Mal terminara de falar e o gato ergueu a cabeça, fixando nele um olhar intenso e penetrante.
O homem ficou surpreso.
— Não se preocupe — disse Song You. — Se eu disser isso, é porque meu gato é especial. Se não acreditar, podemos combinar o pagamento conforme o número de ratos capturados.
— Na casa do meu senhor, realmente há ratos gordos e espertos. Gatos pequenos dificilmente pegam algum. Tentamos de tudo, mas só conseguimos capturar um ou dois. A casa está inquieta há muito tempo. Você tem certeza? Não me engane!
— Tenho, com toda certeza.
— E se não conseguir pegar nenhum?
— Não cobrarei um centavo.
— Como vou saber se você pegou?
— Meu gato é esperto. Ele deixará os ratos capturados na porta de sua casa. Aí acertamos as contas...

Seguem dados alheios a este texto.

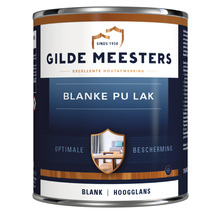 Gilde Meesters Blanke PU Lak blik
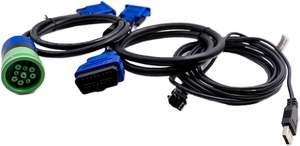 Ordinateurs portables Diesel neufs Nexiq USB Link 3 édition sans fil avec informations de réparation et logiciel de diagnostic Bluetooth Wifi - Product Image 3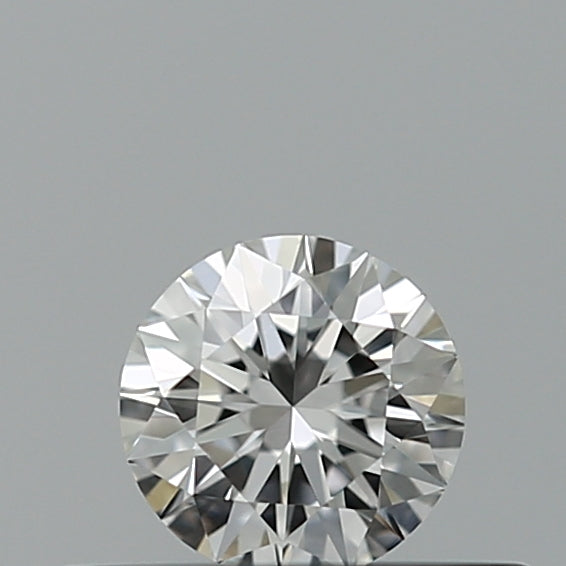 0.23 carat Round diamond F VVS1 Excellent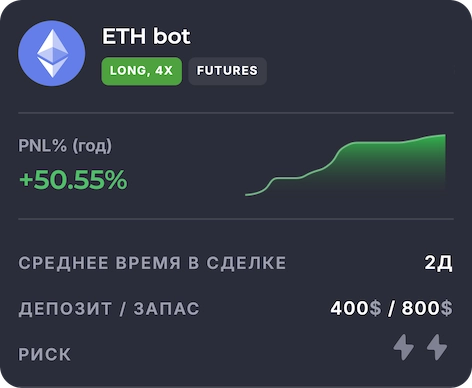 ETH bot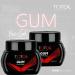 Totex Hair Styling Gum Gel - Ultra Strong Edge Control Red Hair Gel 250ml | International Shipping Available - Buy Online on GoSupps.com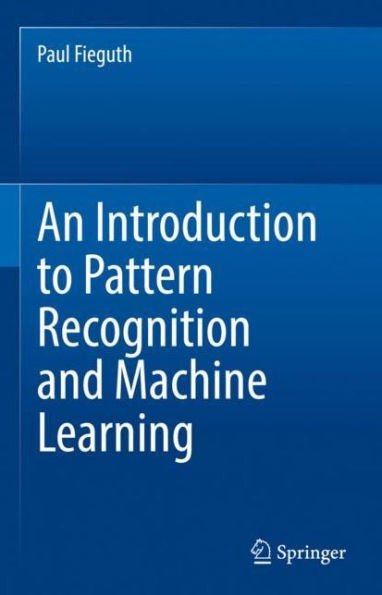 Barnes & Noble An Introduction to Pattern Recognition and Machine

Song You hesitou um instante, depois acrescentou:
— Mas talvez ele leve um ou dois ratos consigo.
— Sério?
— Não minto.
— Que incrível...
O homem passou a acreditar, imaginando que o gato era realmente treinado e capaz.
— Então está combinado.
Ele franziu a testa, refletindo:
— Se seu gato só pegar um ou dois ratos, não vou pagar nada. Na casa do meu senhor, há pelo menos vinte ou trinta ratos. Se pegar cinco ou mais, pagarei dois moedas por cada. Se pegar mais de dez, isso será uma façanha, e pagarei cinco moedas cada um. Se conseguir acabar com todos, lhe pagarei dez moedas por rato.
— Combinado! — Song You aceitou alegremente.
Naquele momento, a placa da loja foi colocada por acaso, sem grandes expectativas. Quem diria que a Senhora Malhada conseguiria um serviço para caçar ratos com uma recompensa tão generosa?
Ao olhar para baixo, viu que o gato estava radiante de alegria!